И развернувшись к толпе, он метнул в неё вопрос:
– Все согласны?
У завлита возьми да и сложись сами собой пальцы фигой в кармане. Он и не хотел, а так получилось.
Первый ученик разогнался и с ходу прыгнул на одну из качелей. С напором мятежника оттуда крикнул:
– Ты кто: игрец или глупец? Какую пользу приносишь людям?

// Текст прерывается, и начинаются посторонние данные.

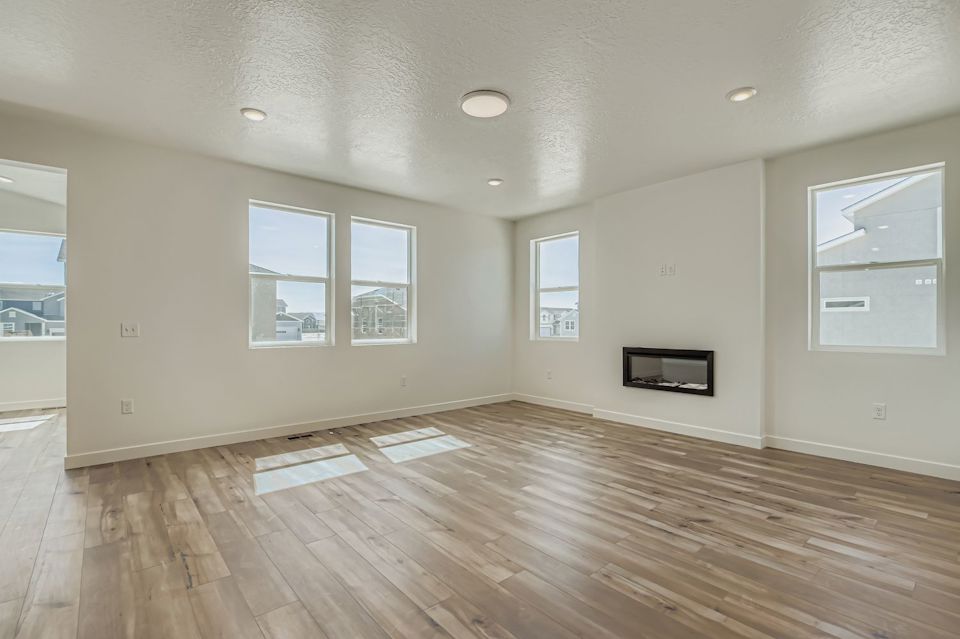 A room with a wood floor and white walls.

Феликс на сей раз произнёс фразу исключительно по тексту пьесы, без импровизаций, но успел заметить (не помешал даже грим): его слова вошли в Негидальцева почти пулями. Что-то личное проняло партнёра до сердца. Когда проводишь с ним фактически ещё одну жизнь, жизнь на сцене, то многое становится понятным с полуслова, даже подчас полуслова не надо – достаточно мимолётного выражения глаз или губ. Что-нибудь случилось в семье? Чужая душа – потёмки…
– Ну, вот опять, – закатил глаза Болдуэлок. – Моветон! Примитивный переход на личности. И это всё, на что ты способен? Маловато. Какую пользу может приносить Болдуэлок! Ха! (Озираясь.) У тебя весьма утилитарный подход. Да, собственно, меня и нет. Я живу в людях.
Болдуэлок подошёл к чиновникам.
– Мутные вопросы задаёт молодой человек, – пожаловался он. – Как считаете?
– Вы уж разберитесь сами, – посоветовала импозантная Шанель и поправила прическу. – Нас, пожалуйста, не впутывайте.
Негидальцев ликовал. Это – настоящая победа, если он сумел навязать свою игру начальству, и оно в неё поверило!
«Ну, что, Ксения Дмитриевна, – Максим мысленно обратился к жене. – Что скажешь? Ты и теперь потребуешь уйти из театра? Дудки! При такой постановке вопроса, скорей, я со всех ног убегу на все четыре стороны света». Кровь в организме разыгралась не на шутку. А что говорить о любви! В том числе и о любви к театру. Страшная сила! Но Негидальцев не стал себя разоблачать до конца. От лица Болдуэлока он фактически открыто поделился своими наблюдениями над начальством:
– Похоже, и они одиноки…
– Вот видишь! – раскачиваясь, фехтовал словами Первый ученик. – В дело Поликла лезут те, кого нет!!
Максим, кажется, отогрелся.
На лице Архия читалось разочарование.
– Инфантильная демагогия! – сказал он. – Мы судим Поликла, а не Болдуэлока!
И явив последнему гримасу, сводившую скулы, Архий потребовал:
– Нужен другой свидетель.
С места возле режиссёра встал Второй ученик. Болдуэлок подвёл его к Архию.
– Ты должен свидетельствовать нам о Поликле, – как можно дружелюбней, предложил Архий.
– Архий умеет благодарить, – негромко, но слышно известил Болдуэлок.
Негидальцев успел перенять технику речи у начальства?
Второй ученик чувствовал себя не в своей тарелке.
А что я могу сказать? – замялся он. – Поликл есть ПОЛИКЛ!! И этим всё сказано.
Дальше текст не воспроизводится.